WHEREAS , the Corporation and the Executive are parties to that certain Executive Employment Agreement dated June 1, 2014, pursuant to which the Executive serves as the Corporation's Chairman, President and Chief Executive Officer.

WHEREAS , the term of the Agreement expires on May 31, 2017.

WHEREAS , prior to the expiration of such term, the Corporation and the Executive desire enter into this 2017 Amendment upon the terms and conditions set forth herein.

NOW, THEREFORE , in consideration of the mutual agreements herein made, the Corporation and the Executive do hereby agree as follows:

1.

Recitals .  The above recitals are true, correct, and are herein incorporated by reference.

2.

Ratify .  Except as provided herein, all terms of the Agreement are hereby ratified and affirmed.

3.

Item 4 of the Agreement “ Term ” is hereby amended as follows:

Term .  The Term of employment hereunder will commence on the Effective Date and end on the third (3rd) anniversary of the Effective Date and may be extended for additional one (1) year periods (each a “ Renewal Term ”) by written notice given by the Corporation to the Executive at least one hundred eighty (180) days before the expiration of the Term or the Renewal Term, as the case may be, unless this Agreement shall have been terminated pursuant to Section 6 of this Agreement.

4.

Item 5 of the Agreement “ Compensation and Benefits ” is hereby amended as follows:

Compensation and Benefits .

(a)

Salary .  The Executive shall be paid a base salary (“ Base Salary ”), payable in accordance with the Corporation's policies from time to time for senior executives, at an annual rate of One Hundred Sixty-five Thousand Dollars ($165,000).

(b)

Annual Performance Bonus .  The Executive shall be eligible to receive an annual performance bonus pursuant to Exhibit A to this Agreement (the “ Performance Bonus ”) payable in cash within five (5) days after the filing by the Corporation's with the Securities and




 


Exchange Commission of its Annual Report on Form 10-K containing the Audited Financial Statements (as that term is defined in Exhibit A) for the year in which the Performance Bonus was earned, if any.

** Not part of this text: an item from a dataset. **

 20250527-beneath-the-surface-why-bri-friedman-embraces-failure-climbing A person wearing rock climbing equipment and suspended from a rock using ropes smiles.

IN WITNESS WHEREOF , the parties have executed this 2017 Amendment as of the date set forth in the first paragraph of this Agreement.

 

THE CORPORATION :

 

 

 

 

BRIGHT MOUNTAIN MEDIA, INC .

 

 

 

 

By:

/s/ Dennis W. Healey

 

 

Dennis W. Healey, Chief Financial Officer

 

 

 

 

THE EXECUTIVE

 

 

 

 

/s/ W. Kip Speyer

 

W. Kip Speyer





2



 


Exhibit A


Performance Bonus



During the Term of the Agreement, the Executive shall be entitled to earn an annual Performance Bonus for each year and in such amounts set forth below, commencing with the year ending December 31, 2017, based upon the Corporation reporting Revenues and EBITDA as follows:


Revenue

Minimum EBITDA

Amount of Bonus

 

 

 

Less than $3,000,000

-

None

 

 

 

$3,000,000 to $3,500,000

-

25% of Base Salary

 

 

 

$3,500,001 to $4,000,000

$100,000

40% of Base Salary

 

 

 

$4,000,001 to $4,500,000

$150,000

65% of Base Salary

 

 

 

$4,500,001 or greater

$175,000

80% of Base Salary


When used herein:


" Revenue " shall mean the total amount of revenues from all sources reported by the Corporation and its consolidated subsidiaries for the year then ended based upon the audited consolidated financial statements (the " Audited Financial Statements ") appearing in the Corporation's Annual Report on Form 10-K as filed with the Securities and Exchange Commission; and


" EBITDA " shall mean earnings before income taxes, depreciation and amortization based upon the Audited Financial Statements.